The JSE All share closed 2.6% down (-0.2% for the year to date) compared to September. Pressure on commodity prices, especially gold and platinum, weighed heavily on the resources shares and the Resi-10 Index closed 3.8% lower for the month (year to date +22.9%). The Indi-25, which includes a number of dual-listed UK shares and other rand hedges was down for the second consecutive month and closed 3.1% lower compared to the previous month (year to date at -7.9%). Financial shares suffered because of the drama around the Finance Minister and the Fini-15 closed 1.8% lower for the month after it advanced somewhat in September (year to date -5.1%).
The best performing shares in October were Net 1 UEPS Technologies, which closed 23.7% higher compared to September and Assore which closed 22.9% higher. In third place for the month was Trustco Group Holdings (+18.4%) followed by African Rainbow Minerals (+18.4%) and Exxaro Resources (+17.2%). Worst performers for the month were Sibanye Gold (-25.7%), Impala Platinum Holdings (-22%), Royal Bafokeng Platinum (-20%), Brait SE (-18.9%) and Anglogold Ashanti (-18.5%). For the year to date the top performers are Kumba Iron Ore (+231.7%), Assore (+193.8%), Anglo American PLC (+168.7%), Harmony Gold Mining (+163.5%) and Exxaro Resources (+125.2%).
On the SA economic data front, the country continues to face headwinds and the local economy is forecast to grow at its slowest pace this year since the global recession of 2009. In his budget address the Minister of Finance announced an expected growth figure of 0.5% for the year, down from the 0.9% announced earlier. CPI rose to 6.1% in September. On the positive side the trade balance unexpectedly swung to a surplus of R6.7bn in September from the R8.9bn deficit of August.
The economic strain is also evident in the higher number of business liquidations. Business Day reported that the total number of companies liquidated rose 15.4% to 172 in September, compared to a year ago. Vehicle sales also continued to decline. Total New Vehicle Sales in South Africa was 10.1% lower year-on-year at 48 745 in October. Total Vehicle Sales in South Africa averaged 39 707 from 1994 until 2016, reaching an all-time high of 65 689 in August of 2006 and a record low of 18 482 in September of 1994.
Slower growth in property prices were recorded for the sixth consecutive month in October, the lowest growth in five years. According to the FNB Home Price Index home prices nationwide grew by only 2.4% compared to a year ago, which means that growth is not beating inflation for some time now. According to FNB’s John Loos, the slowest growth in prices is recorded in smaller provinces and in small towns where mining and agriculture industries are the biggest job creators. In the larger cities home prices are rising by 4%.

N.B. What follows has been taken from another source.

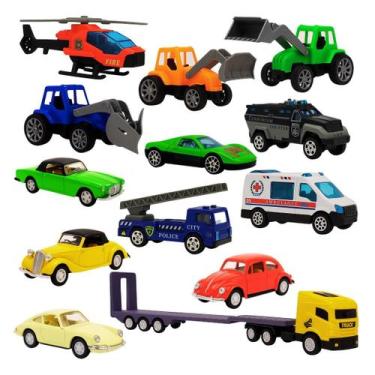 Imagem de Kit Miniatura Carrinhos Friccão Caminhão Cegonha 17 Peças - Store Shar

Although large parts of the country were gripped by a heat wave at the end of October and reports about serious water shortages and low dam levels are commonplace, Reuters reported that SA farmers intend to plant 25% more hectares of maize this season in the hope that decent rainfall will ease the hardship caused by the scorching drought of last year. The drought turned SA from a net exporter of grain to a net importer for the 2015-16 year. “Another poor maize harvest would have serious implications for Africa’s most industrialised economy after white maize, the staple food, doubled in price last year, fuelling inflation,” Reuters noted.